==== RECORDS FOR PROCESSING

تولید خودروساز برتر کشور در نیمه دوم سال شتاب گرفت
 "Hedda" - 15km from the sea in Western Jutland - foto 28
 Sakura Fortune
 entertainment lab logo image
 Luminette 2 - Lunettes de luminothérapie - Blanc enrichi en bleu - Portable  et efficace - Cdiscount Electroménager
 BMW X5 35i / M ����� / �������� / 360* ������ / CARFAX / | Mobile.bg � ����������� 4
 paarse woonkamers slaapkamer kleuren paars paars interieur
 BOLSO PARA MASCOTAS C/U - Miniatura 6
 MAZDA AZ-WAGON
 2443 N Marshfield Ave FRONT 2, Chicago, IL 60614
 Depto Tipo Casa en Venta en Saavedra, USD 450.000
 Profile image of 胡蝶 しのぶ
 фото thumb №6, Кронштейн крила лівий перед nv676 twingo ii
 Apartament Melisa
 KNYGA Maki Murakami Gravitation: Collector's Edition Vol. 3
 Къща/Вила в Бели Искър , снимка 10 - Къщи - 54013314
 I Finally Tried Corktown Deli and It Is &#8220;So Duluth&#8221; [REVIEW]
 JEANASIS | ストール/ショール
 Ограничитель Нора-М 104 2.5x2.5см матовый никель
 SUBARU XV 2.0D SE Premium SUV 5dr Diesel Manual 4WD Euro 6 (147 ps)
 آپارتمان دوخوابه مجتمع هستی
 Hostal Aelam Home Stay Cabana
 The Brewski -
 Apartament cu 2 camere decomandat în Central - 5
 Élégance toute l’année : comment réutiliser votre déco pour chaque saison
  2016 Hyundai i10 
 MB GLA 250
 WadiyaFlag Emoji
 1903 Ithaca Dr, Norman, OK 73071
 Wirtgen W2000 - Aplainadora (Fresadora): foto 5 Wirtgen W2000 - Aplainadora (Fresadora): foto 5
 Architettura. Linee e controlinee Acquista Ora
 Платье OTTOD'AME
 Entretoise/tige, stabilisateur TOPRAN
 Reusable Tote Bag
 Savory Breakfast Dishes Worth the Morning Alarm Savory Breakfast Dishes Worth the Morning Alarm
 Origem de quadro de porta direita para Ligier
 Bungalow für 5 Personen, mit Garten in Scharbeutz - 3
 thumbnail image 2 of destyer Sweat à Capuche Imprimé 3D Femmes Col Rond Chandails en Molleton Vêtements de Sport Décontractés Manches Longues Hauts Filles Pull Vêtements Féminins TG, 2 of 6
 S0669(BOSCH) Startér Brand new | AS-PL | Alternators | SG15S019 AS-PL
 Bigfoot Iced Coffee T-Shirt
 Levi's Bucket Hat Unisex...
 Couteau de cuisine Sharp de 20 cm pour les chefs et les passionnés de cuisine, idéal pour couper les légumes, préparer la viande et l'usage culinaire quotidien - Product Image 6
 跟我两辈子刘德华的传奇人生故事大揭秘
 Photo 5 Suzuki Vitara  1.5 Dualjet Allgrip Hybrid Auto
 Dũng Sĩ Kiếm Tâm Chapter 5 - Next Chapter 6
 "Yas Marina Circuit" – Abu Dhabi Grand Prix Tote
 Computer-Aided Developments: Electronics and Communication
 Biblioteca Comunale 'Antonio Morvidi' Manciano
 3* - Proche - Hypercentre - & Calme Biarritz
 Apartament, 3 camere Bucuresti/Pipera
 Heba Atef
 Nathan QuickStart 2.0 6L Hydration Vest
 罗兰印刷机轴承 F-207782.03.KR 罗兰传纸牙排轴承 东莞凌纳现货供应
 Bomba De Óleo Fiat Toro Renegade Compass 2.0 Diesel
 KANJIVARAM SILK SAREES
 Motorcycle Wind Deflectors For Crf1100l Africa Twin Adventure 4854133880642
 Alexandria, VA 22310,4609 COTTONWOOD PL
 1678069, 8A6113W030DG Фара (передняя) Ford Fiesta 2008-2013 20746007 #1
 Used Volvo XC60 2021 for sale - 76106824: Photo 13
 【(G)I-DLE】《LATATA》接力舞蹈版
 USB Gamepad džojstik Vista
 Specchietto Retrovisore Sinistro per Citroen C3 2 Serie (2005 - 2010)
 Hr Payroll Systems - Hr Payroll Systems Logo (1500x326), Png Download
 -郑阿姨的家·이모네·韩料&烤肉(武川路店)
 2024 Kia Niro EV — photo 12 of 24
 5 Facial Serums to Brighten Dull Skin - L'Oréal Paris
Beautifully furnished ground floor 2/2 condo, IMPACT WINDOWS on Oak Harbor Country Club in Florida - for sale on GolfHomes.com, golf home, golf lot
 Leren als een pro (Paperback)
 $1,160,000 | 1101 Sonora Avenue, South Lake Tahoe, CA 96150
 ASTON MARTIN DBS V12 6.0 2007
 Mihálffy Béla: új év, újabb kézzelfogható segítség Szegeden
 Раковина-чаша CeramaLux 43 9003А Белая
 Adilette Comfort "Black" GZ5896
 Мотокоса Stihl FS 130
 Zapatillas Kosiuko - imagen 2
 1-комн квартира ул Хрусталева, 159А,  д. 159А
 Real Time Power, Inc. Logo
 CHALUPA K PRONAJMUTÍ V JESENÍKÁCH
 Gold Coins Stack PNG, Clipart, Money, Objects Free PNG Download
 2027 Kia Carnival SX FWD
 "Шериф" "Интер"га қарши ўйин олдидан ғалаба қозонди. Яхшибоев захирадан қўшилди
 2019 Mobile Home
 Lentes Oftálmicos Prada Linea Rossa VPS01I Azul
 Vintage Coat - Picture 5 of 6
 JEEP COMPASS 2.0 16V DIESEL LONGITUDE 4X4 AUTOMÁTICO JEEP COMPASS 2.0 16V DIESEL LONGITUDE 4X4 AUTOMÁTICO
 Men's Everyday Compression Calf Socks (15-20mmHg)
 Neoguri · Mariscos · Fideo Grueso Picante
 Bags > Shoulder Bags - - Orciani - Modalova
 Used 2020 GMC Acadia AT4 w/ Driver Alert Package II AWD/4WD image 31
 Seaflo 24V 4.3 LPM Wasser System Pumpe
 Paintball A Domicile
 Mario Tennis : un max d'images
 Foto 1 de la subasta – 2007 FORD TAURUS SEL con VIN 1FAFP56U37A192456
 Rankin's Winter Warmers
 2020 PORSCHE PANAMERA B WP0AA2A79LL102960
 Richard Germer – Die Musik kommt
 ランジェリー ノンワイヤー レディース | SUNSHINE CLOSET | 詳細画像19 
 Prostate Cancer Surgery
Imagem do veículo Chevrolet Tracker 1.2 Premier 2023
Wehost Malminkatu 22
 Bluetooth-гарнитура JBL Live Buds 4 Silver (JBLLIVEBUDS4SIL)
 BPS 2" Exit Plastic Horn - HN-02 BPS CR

========

[BRIEF]
Look back at the entries above and repeat, unchanged, every line from the line holding "Sakura Fortune" through the line holding "Profile image of 胡蝶 しのぶ".

[SOLUTION BELOW]
 Sakura Fortune
 entertainment lab logo image
 Luminette 2 - Lunettes de luminothérapie - Blanc enrichi en bleu - Portable  et efficace - Cdiscount Electroménager
 BMW X5 35i / M ����� / �������� / 360* ������ / CARFAX / | Mobile.bg � ����������� 4
 paarse woonkamers slaapkamer kleuren paars paars interieur
 BOLSO PARA MASCOTAS C/U - Miniatura 6
 MAZDA AZ-WAGON
 2443 N Marshfield Ave FRONT 2, Chicago, IL 60614
 Depto Tipo Casa en Venta en Saavedra, USD 450.000
 Profile image of 胡蝶 しのぶ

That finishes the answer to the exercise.